▸ **Task item**
Your copy should begin with the line containing "GGronskey СТАВИТ", end with the line containing "videos de GH:WT", match the listing below exactly, and contain no pictures.

▸ **Information**
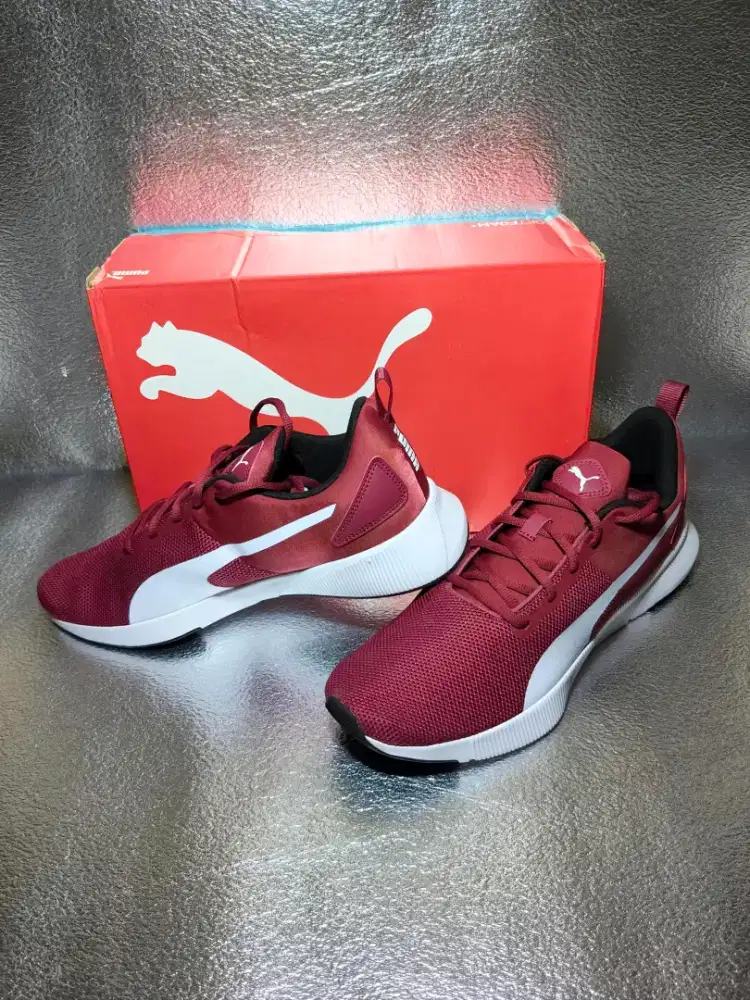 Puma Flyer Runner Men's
==
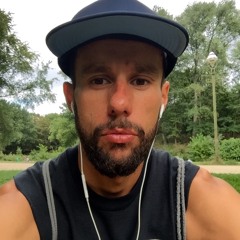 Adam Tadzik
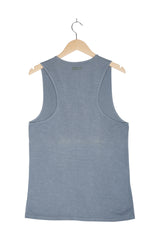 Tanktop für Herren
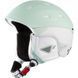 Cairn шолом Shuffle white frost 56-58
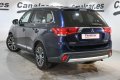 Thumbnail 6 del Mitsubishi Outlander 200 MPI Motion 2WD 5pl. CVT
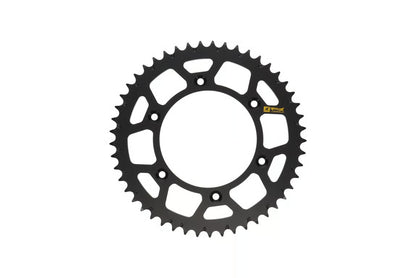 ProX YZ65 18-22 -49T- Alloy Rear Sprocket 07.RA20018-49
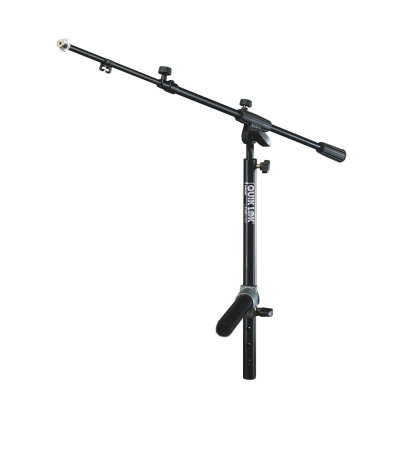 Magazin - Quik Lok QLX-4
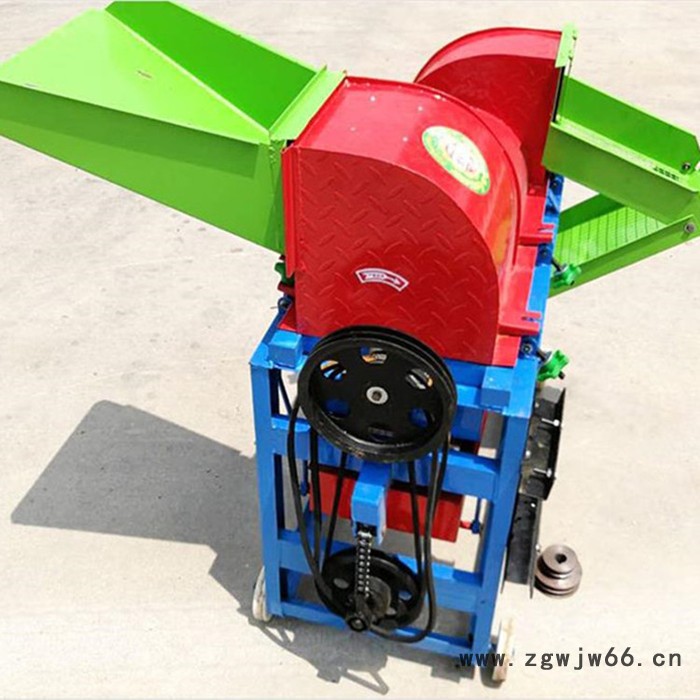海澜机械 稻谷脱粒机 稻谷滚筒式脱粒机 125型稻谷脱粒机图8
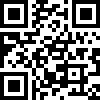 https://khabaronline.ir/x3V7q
--
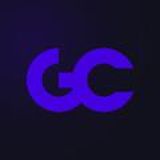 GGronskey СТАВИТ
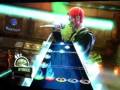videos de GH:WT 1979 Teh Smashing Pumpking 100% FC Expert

▸ **Output**
 GGronskey СТАВИТ
videos de GH:WT 1979 Teh Smashing Pumpking 100% FC Expert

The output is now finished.